Now, the inner expectation $E_{a \sim \pi_\theta(\cdot|s)} [A^{\pi_{\theta_{old}}}(s,a)]$ is still with respect to actions from the new policy $\pi_\theta$. Since we are working with data (trajectories) generated by $\pi_{\theta_{old}}$, we use importance sampling to rewrite this inner expectation in terms of actions $a \sim \pi_{\theta_{old}}(\cdot|s)$:

\[\begin{aligned} E_{a \sim \pi_\theta(\cdot|s)} [A^{\pi_{\theta_{old}}}(s,a)] &= \sum_a \pi_\theta(a|s) A^{\pi_{\theta_{old}}}(s,a) \\ &= \sum_a \pi_{\theta_{old}}(a|s) \frac{\pi_\theta(a|s)}{\pi_{\theta_{old}}(a|s)} A^{\pi_{\theta_{old}}}(s,a) \end{aligned}\]

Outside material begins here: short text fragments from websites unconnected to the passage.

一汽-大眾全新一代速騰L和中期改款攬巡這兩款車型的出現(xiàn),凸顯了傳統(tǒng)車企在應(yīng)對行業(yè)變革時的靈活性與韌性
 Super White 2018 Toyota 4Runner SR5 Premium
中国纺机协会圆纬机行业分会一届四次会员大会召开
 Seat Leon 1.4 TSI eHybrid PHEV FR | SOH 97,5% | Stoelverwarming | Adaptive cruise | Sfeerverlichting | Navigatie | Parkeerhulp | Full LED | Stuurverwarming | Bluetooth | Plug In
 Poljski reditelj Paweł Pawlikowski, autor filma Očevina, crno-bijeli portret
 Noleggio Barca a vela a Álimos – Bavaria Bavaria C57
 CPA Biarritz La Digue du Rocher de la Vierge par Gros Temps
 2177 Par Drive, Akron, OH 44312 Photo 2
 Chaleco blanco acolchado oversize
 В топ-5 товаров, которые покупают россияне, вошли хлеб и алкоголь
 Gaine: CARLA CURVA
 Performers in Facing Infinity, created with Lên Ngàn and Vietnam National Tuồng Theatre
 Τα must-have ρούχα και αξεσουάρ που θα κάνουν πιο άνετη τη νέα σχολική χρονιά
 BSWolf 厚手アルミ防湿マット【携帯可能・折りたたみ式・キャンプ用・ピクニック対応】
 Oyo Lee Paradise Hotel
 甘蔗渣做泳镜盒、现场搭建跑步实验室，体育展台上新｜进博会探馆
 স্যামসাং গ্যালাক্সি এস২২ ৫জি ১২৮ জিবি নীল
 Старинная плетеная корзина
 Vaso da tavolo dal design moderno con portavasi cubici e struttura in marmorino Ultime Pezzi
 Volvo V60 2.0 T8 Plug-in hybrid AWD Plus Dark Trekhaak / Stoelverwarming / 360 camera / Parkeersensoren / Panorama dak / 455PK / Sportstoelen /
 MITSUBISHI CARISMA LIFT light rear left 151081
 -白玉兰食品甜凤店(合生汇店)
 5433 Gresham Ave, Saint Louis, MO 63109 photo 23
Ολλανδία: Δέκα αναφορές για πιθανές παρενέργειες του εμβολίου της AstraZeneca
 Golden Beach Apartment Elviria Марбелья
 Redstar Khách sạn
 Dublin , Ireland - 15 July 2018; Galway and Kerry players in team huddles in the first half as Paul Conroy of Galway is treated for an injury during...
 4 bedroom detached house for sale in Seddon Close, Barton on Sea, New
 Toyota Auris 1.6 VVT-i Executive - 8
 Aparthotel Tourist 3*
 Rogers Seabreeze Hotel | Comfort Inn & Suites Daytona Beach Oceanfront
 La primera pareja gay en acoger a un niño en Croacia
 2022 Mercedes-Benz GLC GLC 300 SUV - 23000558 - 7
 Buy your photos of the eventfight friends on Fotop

Substituting this back into the approximation for $J(\theta) - J(\theta_{old})$, we obtain a surrogate objective for the performance improvement (ignoring the constant $J(\theta_{old})$ for maximization purposes):

\[L_{\theta_{old}}^{IS}(\theta) = E_{s \sim d^{\pi_{\theta_{old}}}, a \sim \pi_{\theta_{old}}(\cdot|s)} \left[\frac{\pi_\theta(a|s)}{\pi_{\theta_{old}}(a|s)} A^{\pi_{\theta_{old}}}(s,a)\right]\]

Here, $\rho_t(\theta) = \frac{\pi_\theta(a_t|s_t)}{\pi_{\theta_{old}}(a_t|s_t)}$ is the importance sampling ratio for a state-action pair $(s_t, a_t)$ from data collected under $\pi_{\theta_{old}}$. This ratio re-weights the advantage $A^{\pi_{\theta_{old}}}(s_t,a_t)$ to account for the relative probability of taking action $a_t$ under $\pi_\theta$ versus $\pi_{\theta_{old}}$. The objective $L_{\theta_{old}}^{IS}(\theta)$ provides an estimate of policy performance improvement, which is a first-order approximation accurate when $\pi_\theta$ is close to $\pi_{\theta_{old}}$. Maximizing $L_{\theta_{old}}^{IS}(\theta)$ aims to increase the probability of actions that had high advantages under $\pi_{\theta_{old}}$, correctly weighted for the policy change.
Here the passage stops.